Yearly means of near-surface temperature are used for the analysis. Besides global evaluation, the region of the North Atlantic (NA) between 60°-10°W and 50°-65°N is investigated. HadCRUT4 (Morice et al., 2012) is used as observational dataset that is available on a global 5°x5° grid. The data of the decadal climate prediction system (MiKlip-system) consists of predictions. These were started in the past to evaluate the system (hindcasts), and of predictions for the next ten years. All predictions use the 'baseline 1' configuration consisting of an initialization scheme, which initializes observed values, and the global circulation model MPI-ESM (Müller et al., 2012; Pohlmann et al., 2012; Marotzke et al., 2016). The predictions comprise ten ensemble members, which were initialized each year for the years 1960-2016. Each simulation is integrated for ten lead years. For a consistent evaluation, the model output of the prediction system is regridded to the same 5°x5° grid as the observations. Data analysis is done for each grid point separately and also for spatial averages of the specific regions considered: the entire globe and the NA.

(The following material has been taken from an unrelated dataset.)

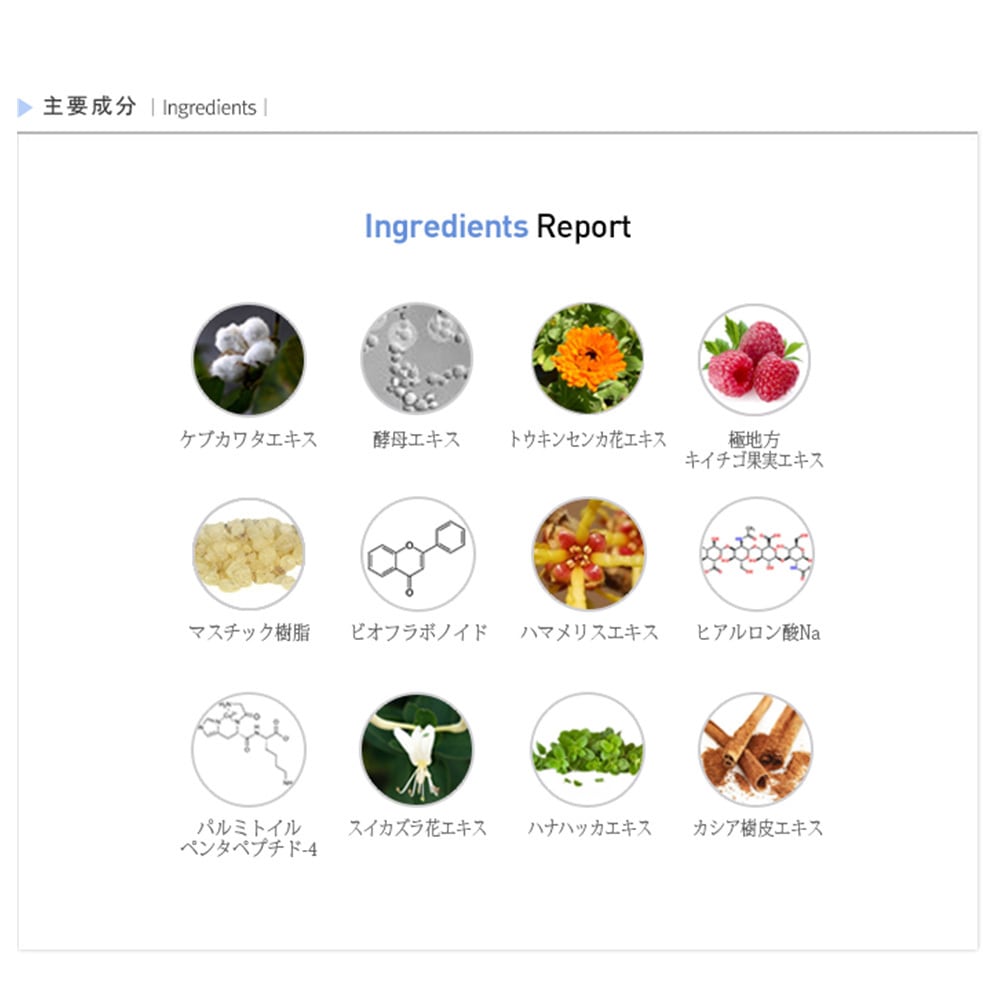 Rene-Cell】ルネセル マルチ ペプチドトナー 200ml | [ルネセル] Multi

Temperature anomalies and temporal averaging
Temperature anomalies with respect to the period 1981-2010 (WMO reference period) are calculated for both predictions and observations. These anomalies are analyzed for four-year running means. Thus, predictions are made for the lead years 1-4, 2-5, 3-6, …, 7-10.
Averages and anomalies of temperature are separately calculated for each ensemble member and lead-year period (years 1-4, …, years 7-10). In this way the lead-time-dependent difference between model and observation (model drift) is taken into account (Goddard et al., 2013; Boer et al., 2016). Predictions are presented and evaluated through these lead-time-dependent temperature averages and anomalies.
Evaluation and prediction skill
Evaluation of prediction skill is performed with hindcasts of the MiKlip system, which were produced for the past. The maximum time period that can be used for evaluation for every lead-time period (year 1-4 to year 7-10) is 1967-2015. For the skill assessment, hindcasts are compared with observations. Assessment cannot be done for grid points without existing observations for the evaluation period (missing values). These grid points are grayed-out on the map. The skill of the decadal prediction is compared with a reference forecast. The difference of these forecast skills, i.e. the improvement of the decadal forecast in comparison to the reference forecast, is called skill score [%]. If the skill of the decadal forecast system and the skill of the reference forecast are identical, the skill score has a value of 0%. For a perfect decadal prediction, the skill score is 100%. Reference forecasts are the climatology of the observations for the period 1981-2010 and the uninitialized historical climate projection, which differs from the decadal prediction system only through the absence of an initialization scheme.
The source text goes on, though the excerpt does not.